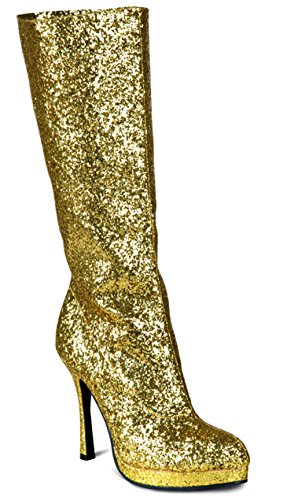 Preisvergleich Produktbild Boland Stiefel Temptation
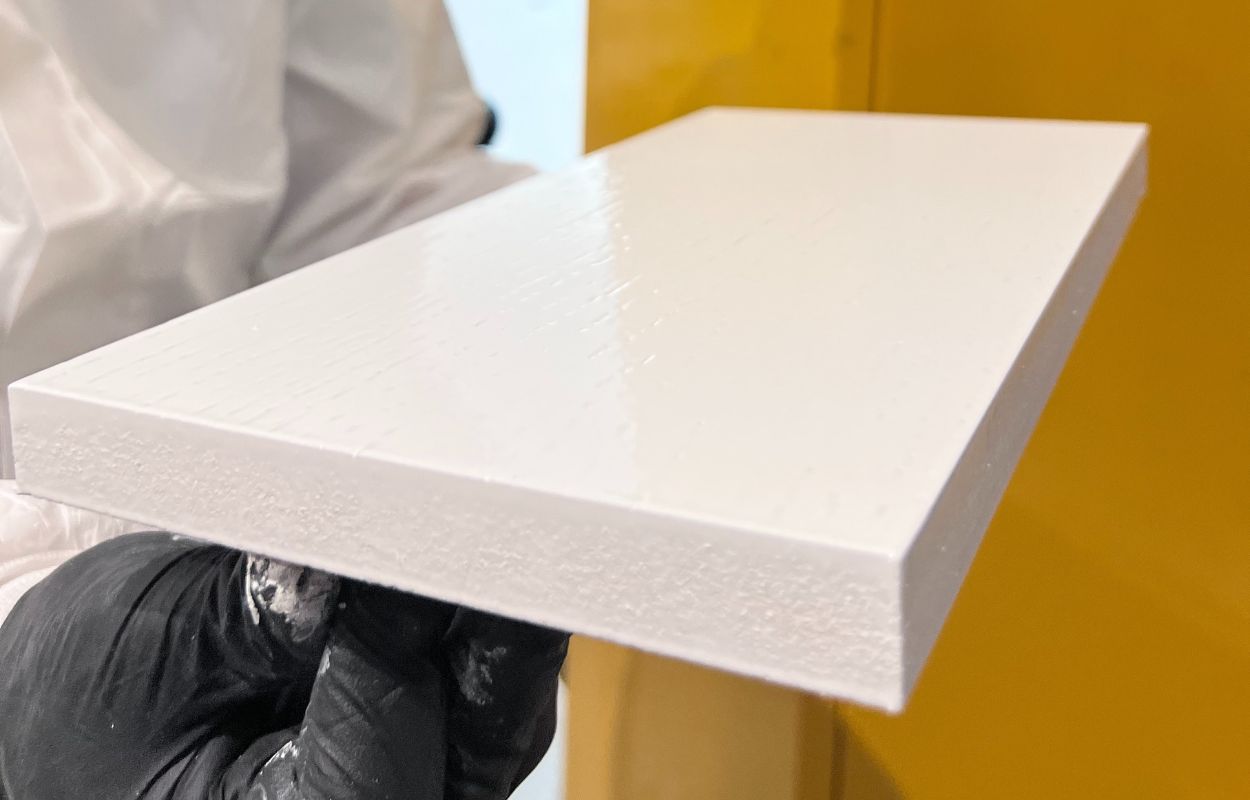 Introducing Aquimax – Ultrimax’s New Water-Based Range - Ultrimax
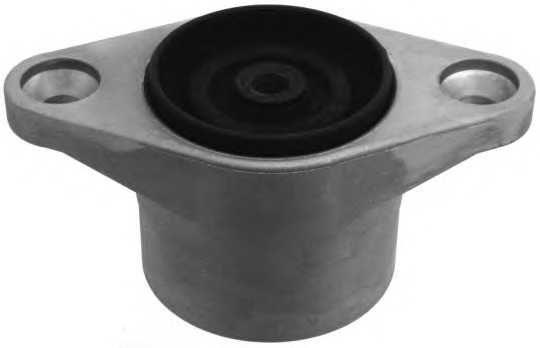 kyb sm5617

Problem statement – Copy out every line above, word for word, minus images.

Completed task –
 Preisvergleich Produktbild Boland Stiefel Temptation
 Introducing Aquimax – Ultrimax’s New Water-Based Range - Ultrimax
 kyb sm5617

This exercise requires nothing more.